Named by BBC as "the best Chinese language playwright and director in the world,” Stan Lai has managed to break the barrier between western and eastern cultures by creating theater plays that convey deep cultural context and yet remain approachable for the general public. His achievements in Taiwan's modern theater scene were twice recognized by the National Award for Arts, as well as many other international awards.
As son of a ROC diplomat, he was born in Washington, D.C. and remained in America until his father's death. Lai returned to Taiwan with his mother in 1966 and received a bachelor's degree in English from Fu Jen Catholic University. He then studied theater at the University of California, Berkeley and received his doctorate degree before returning to Taiwan once more in 1983.
Prior to establishing the Performance Workshop (表演工作坊) with fellow theater enthusiasts Lee Kuo-hsiu (李國修) and Lee Li-chun (李立群) in 1984, Lai worked as a professor and founding dean of the College of Theatre at Taipei National University of the Arts, where he trained students to create through improvisation.
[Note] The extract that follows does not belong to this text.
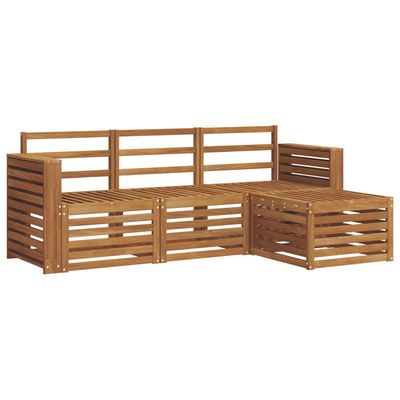 Set di divani da esterno 4 pcs Naturale vidaXL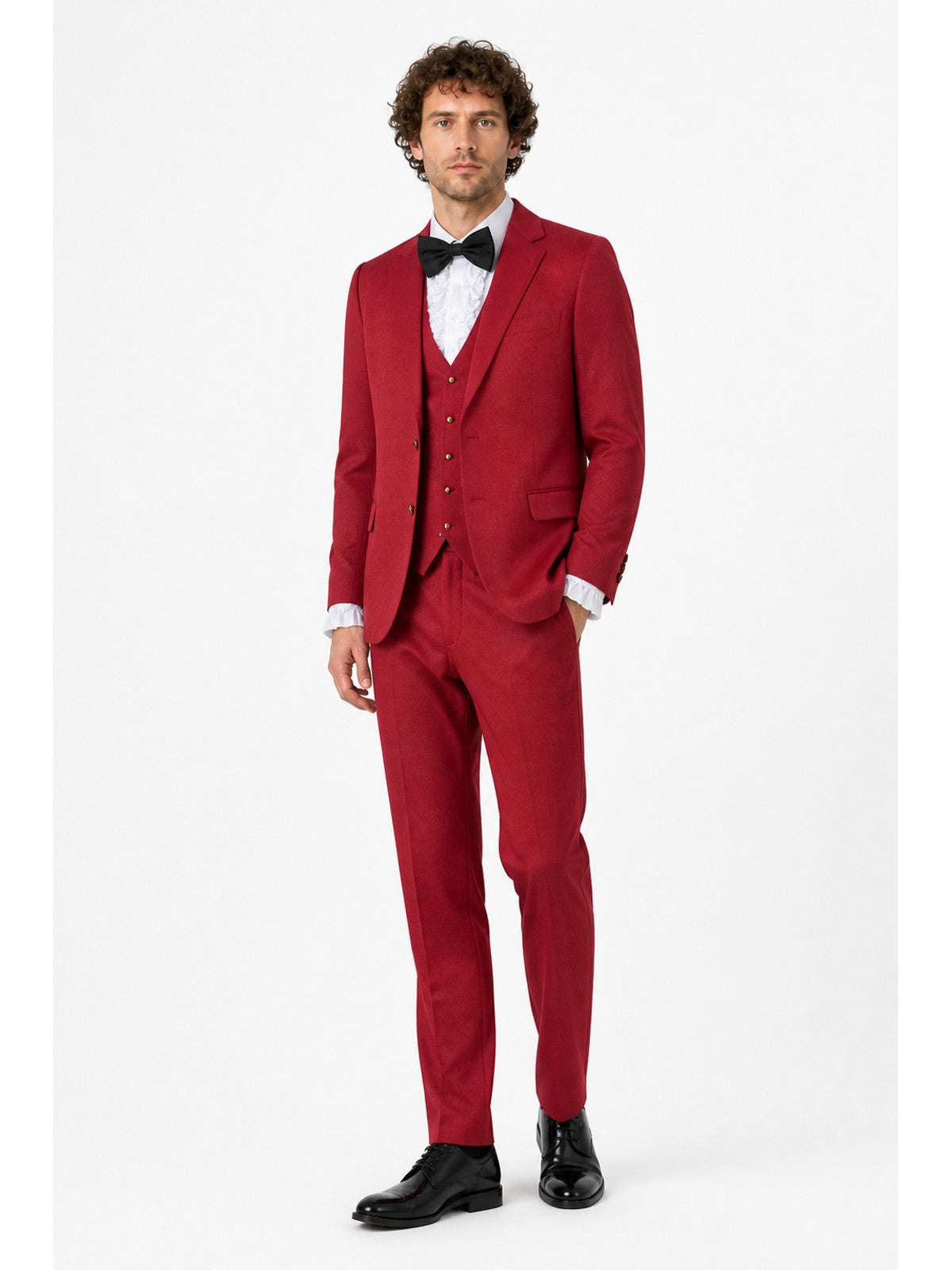 Red costume with a bow tie and white jabot for cosplay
In 1985, as the artistic director of Performance Workshop, Lai directed their debut piece "That Evening, We Performed Crosstalk (那一夜, 我們說相聲),” an unique play that combines Chinese comedic performance of crosstalk with elements from western talk shows. The production became an overnight sensation in Taiwan and is now regarded a representative work of Taiwan's modern theater.
In 1986, Lai directed "Secret Love in Peach Blossom Land (暗戀桃花源),” a colliding combination of tragedy and comedy based a classic Chinese tale. The unusual story of love and loss soon became a runaway hit as well.
Over the past 20 years, "Secret Love in Peach Blossom Land” has been adapted into film, revised thrice, and performed around the world. The second revision featured renowned Taiwanese opera troupe Ming Hwa Yuan (明華園), reflecting the innovation of modern theater in Taiwan. The third revision, which debuted at the 2015 Oregon Shakespeare Festival, was successfully reshaped by Lai for western audiences.
In addition to theater plays, Lai also writes and directs for opera, television, and film. His use of improvisation as a creative tool has made each play unique and rich in various styles. Prominent Chinese scholar Yu Qiu-yu (余秋雨) once described: "Lai's works always deeply touch the hearts of countless audiences.”
Having created works that influence Taiwan's modern theater even today, he now works to share his professional experiences and improvisation techniques with performers and theater professionals to enhance the cultural environment in Taiwan.